Instructions for the task:
In this exercise, the entries below include pictures. Repeat exactly the lines from the line with "Dahlia_Aaina_-_Mirror_with_Wicker,_Tile_&_Blocks_For_Home_Decor" to the line with "TAURUS PT 140", including both, but without the pictures.

Material provided:
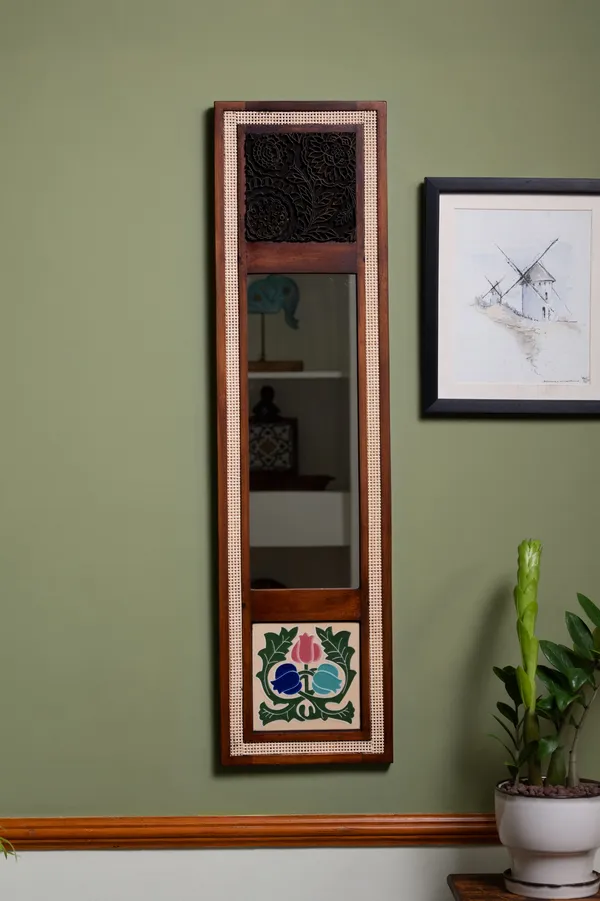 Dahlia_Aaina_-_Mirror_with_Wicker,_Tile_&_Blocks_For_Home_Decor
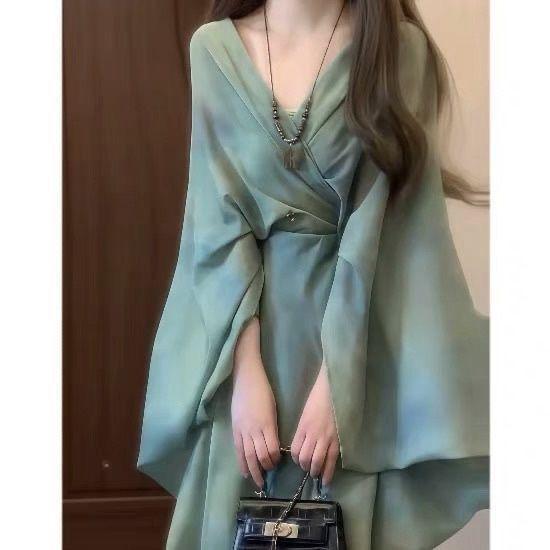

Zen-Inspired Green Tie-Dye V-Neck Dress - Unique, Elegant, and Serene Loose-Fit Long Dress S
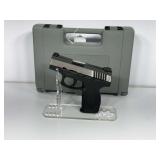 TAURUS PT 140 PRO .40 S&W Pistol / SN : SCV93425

--

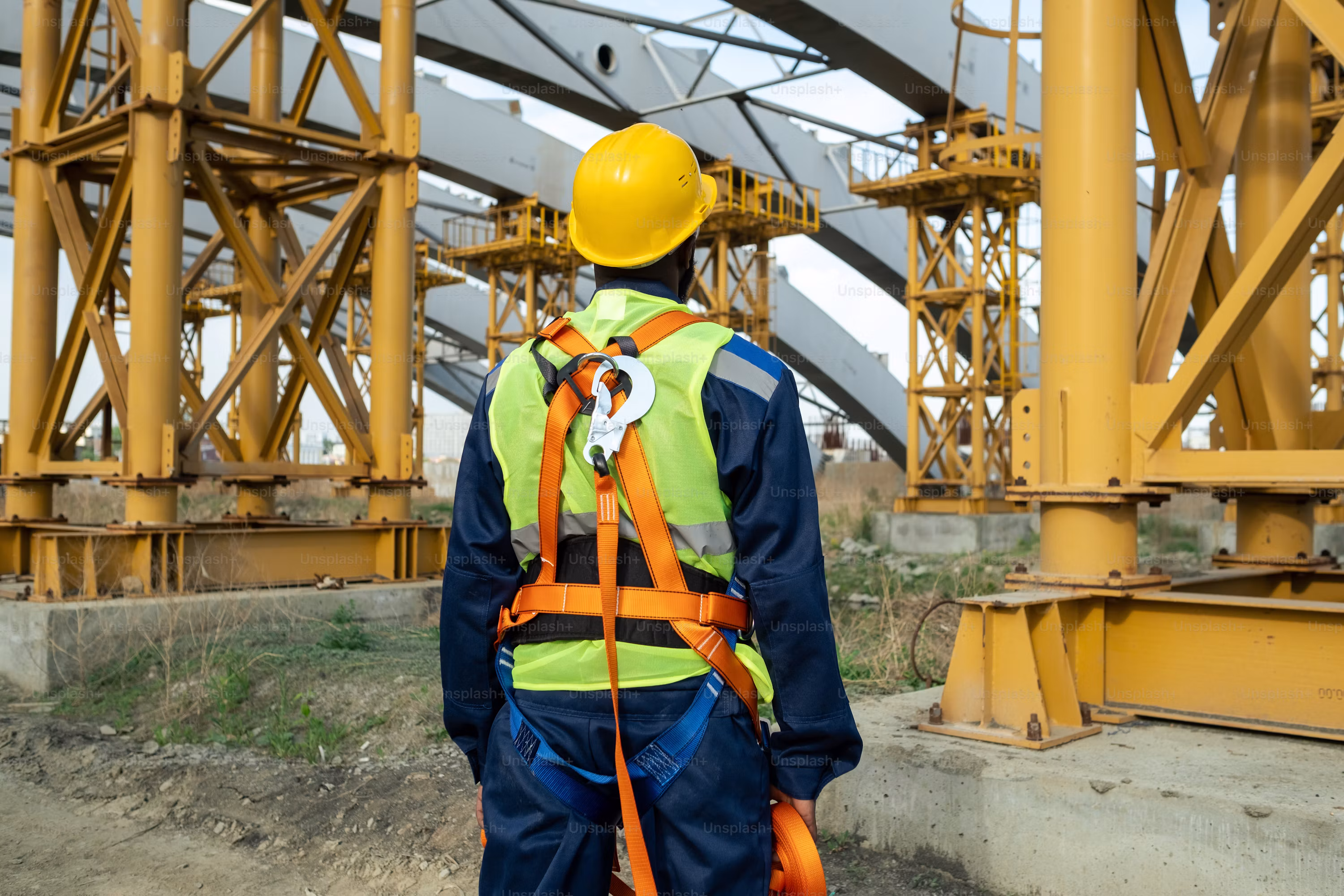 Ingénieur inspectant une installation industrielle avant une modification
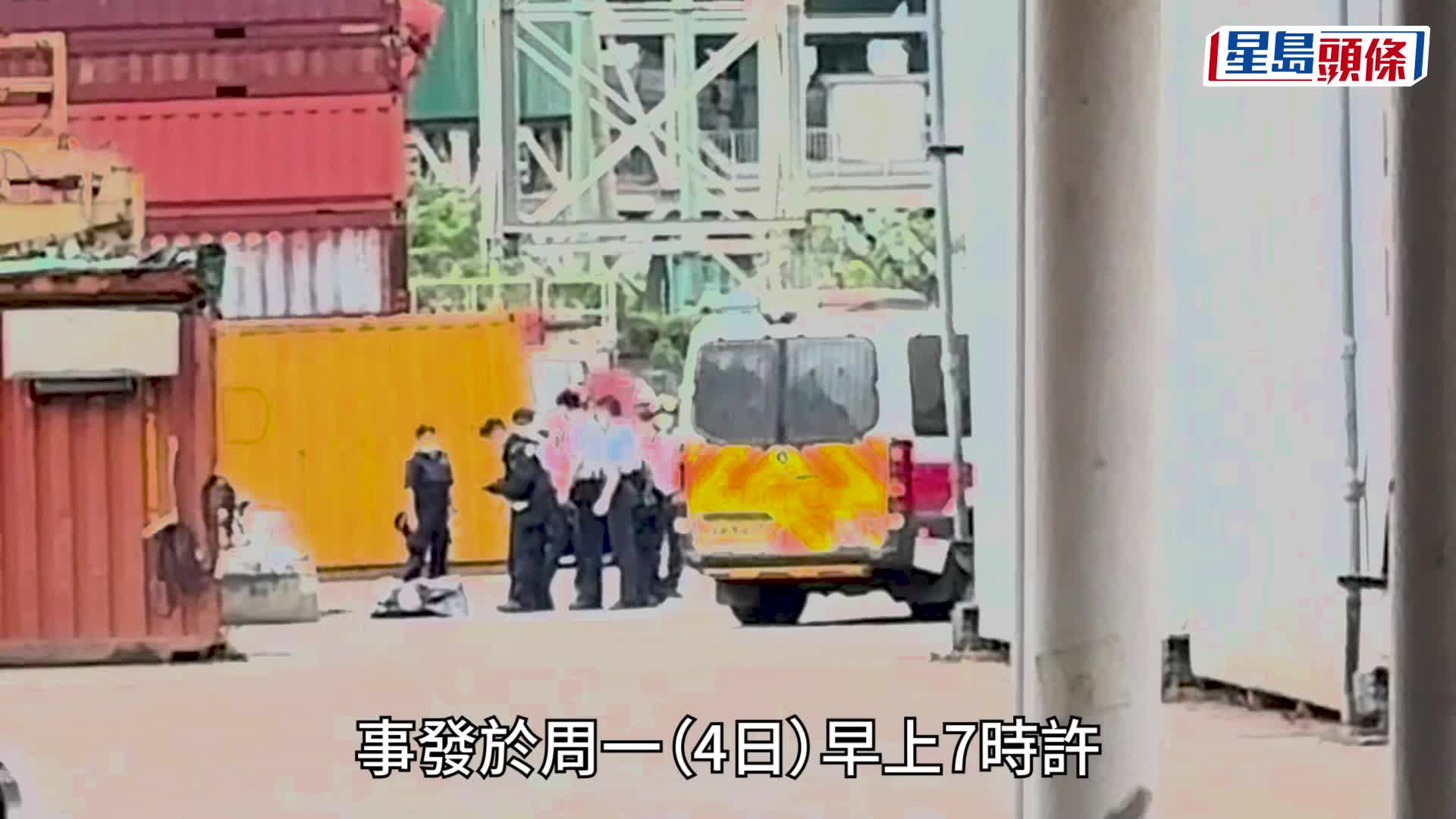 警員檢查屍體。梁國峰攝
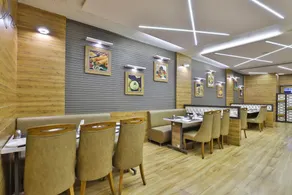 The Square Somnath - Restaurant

Task solution:
 Dahlia_Aaina_-_Mirror_with_Wicker,_Tile_&_Blocks_For_Home_Decor

Zen-Inspired Green Tie-Dye V-Neck Dress - Unique, Elegant, and Serene Loose-Fit Long Dress S
 TAURUS PT 140 PRO .40 S&W Pistol / SN : SCV93425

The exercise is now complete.